### What is required
Please set down exactly the lines from the one that contains "[Free Installation] GLOVOSYNC" through the end of the material, leaving out every picture.
--- Listed records Enclosed Below ---
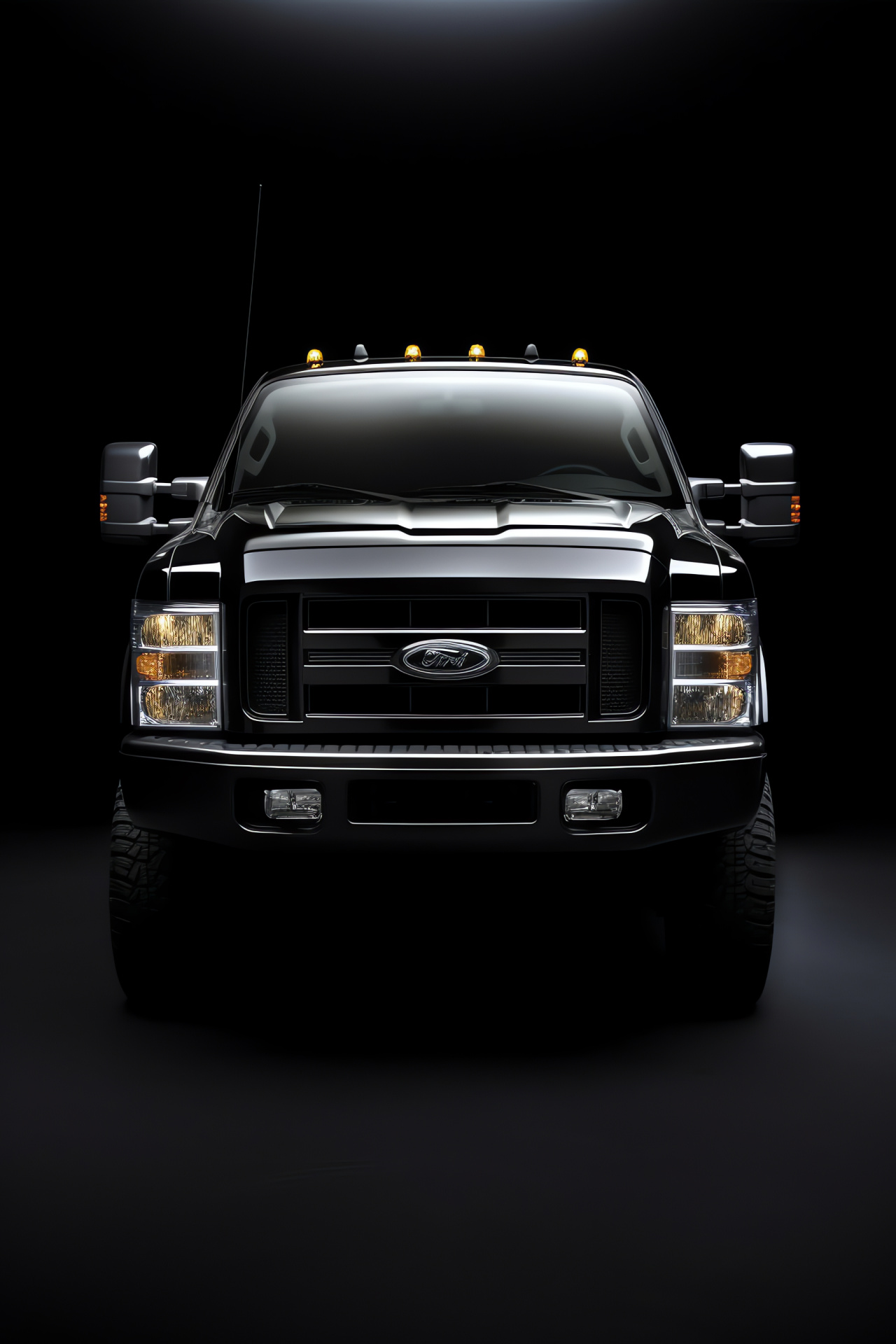 Powerstroke engine, variance proficiency, elevated angle, noir backdrop, enigmatic aura, HD Phone Wallpaper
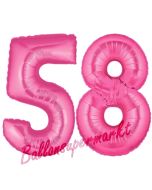 Zahl 58, Pink, Luftballons aus Folie zum 58. Geburtstag, 100 cm, inklusive Helium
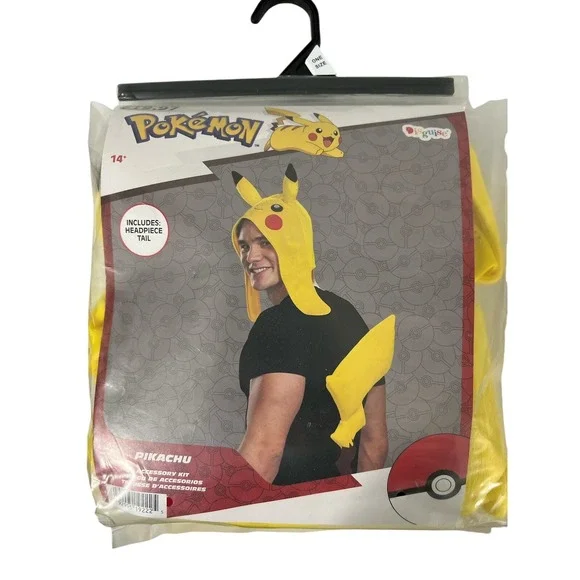 New Pkg Adult Pokemon Pikachu Costume Accessory Kit Headpiece & Tail Fast Ship!
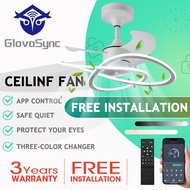 [Free Installation] GLOVOSYNC Ceiling Fan Light DC Motor 3 Blade Ceiling Fan with 3 Colour LED Light Kit and Remote Control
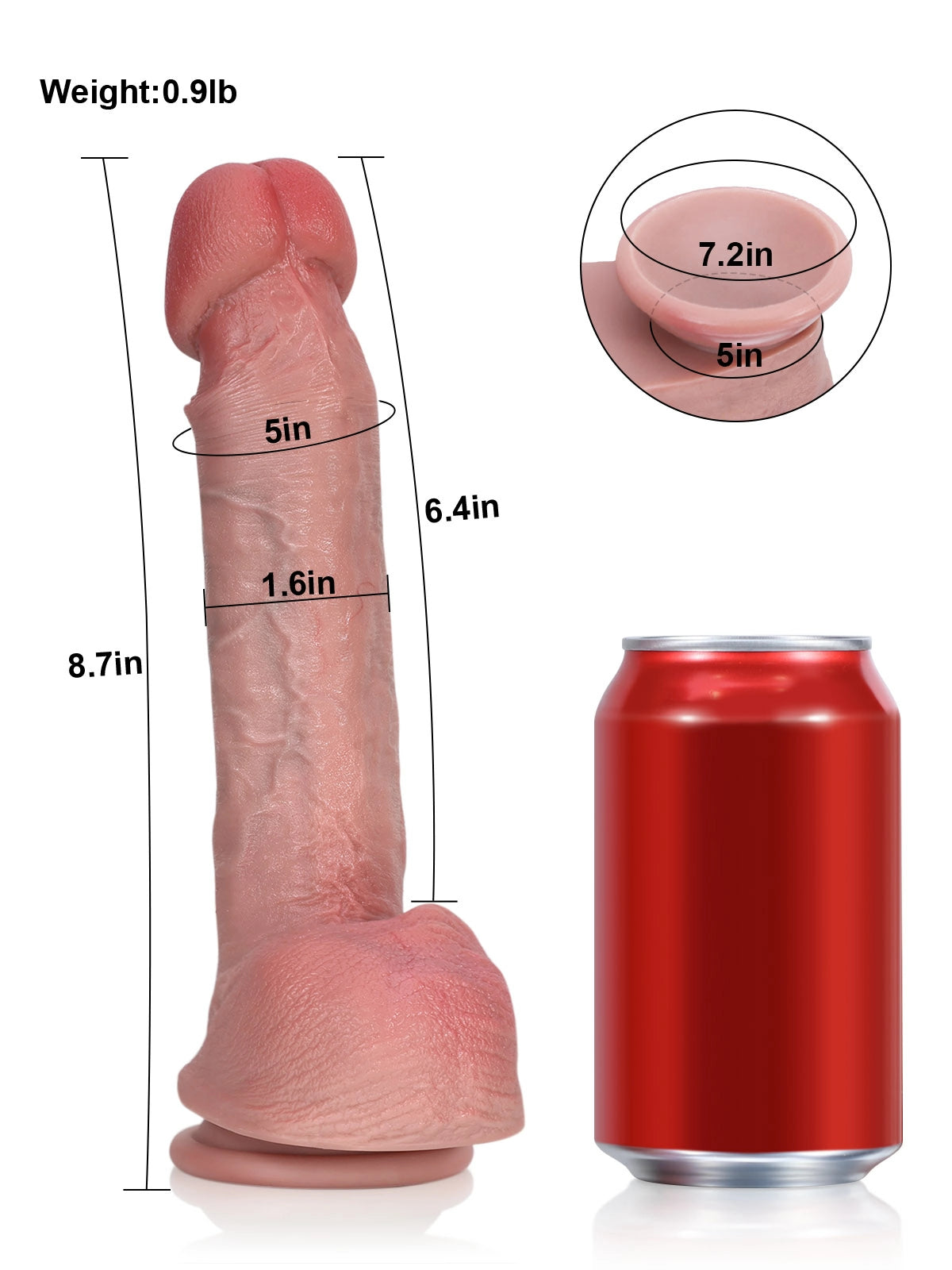 Robert 8.7" x 1.6" Realistic Dildo with Soft Glans for Beginners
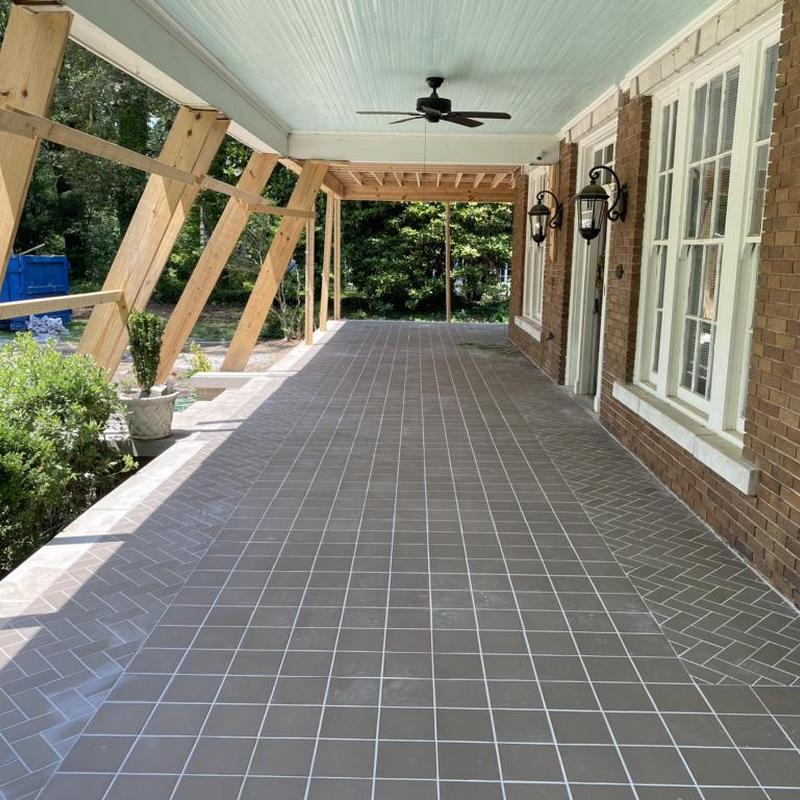 Tile porch flooring with fan and lighting fixtures Tile porch flooring with fan and lighting fixtures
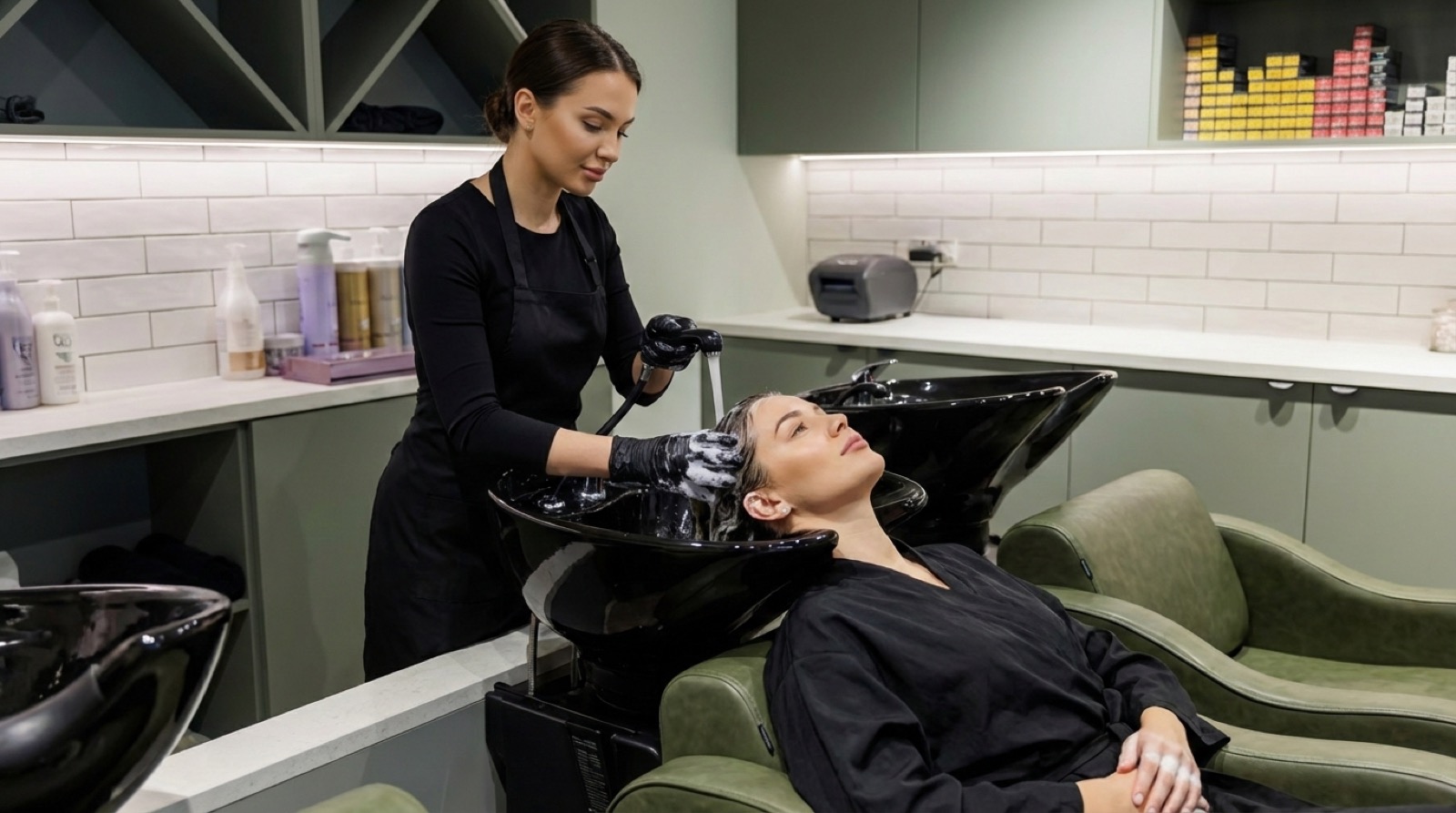Hair Avenue stylist applying Nanoplasty treatment at the wash basin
--- End of Enclosed Listed records ---
### Response for this exercise
 [Free Installation] GLOVOSYNC Ceiling Fan Light DC Motor 3 Blade Ceiling Fan with 3 Colour LED Light Kit and Remote Control
 Robert 8.7" x 1.6" Realistic Dildo with Soft Glans for Beginners
 Tile porch flooring with fan and lighting fixtures Tile porch flooring with fan and lighting fixtures
Hair Avenue stylist applying Nanoplasty treatment at the wash basin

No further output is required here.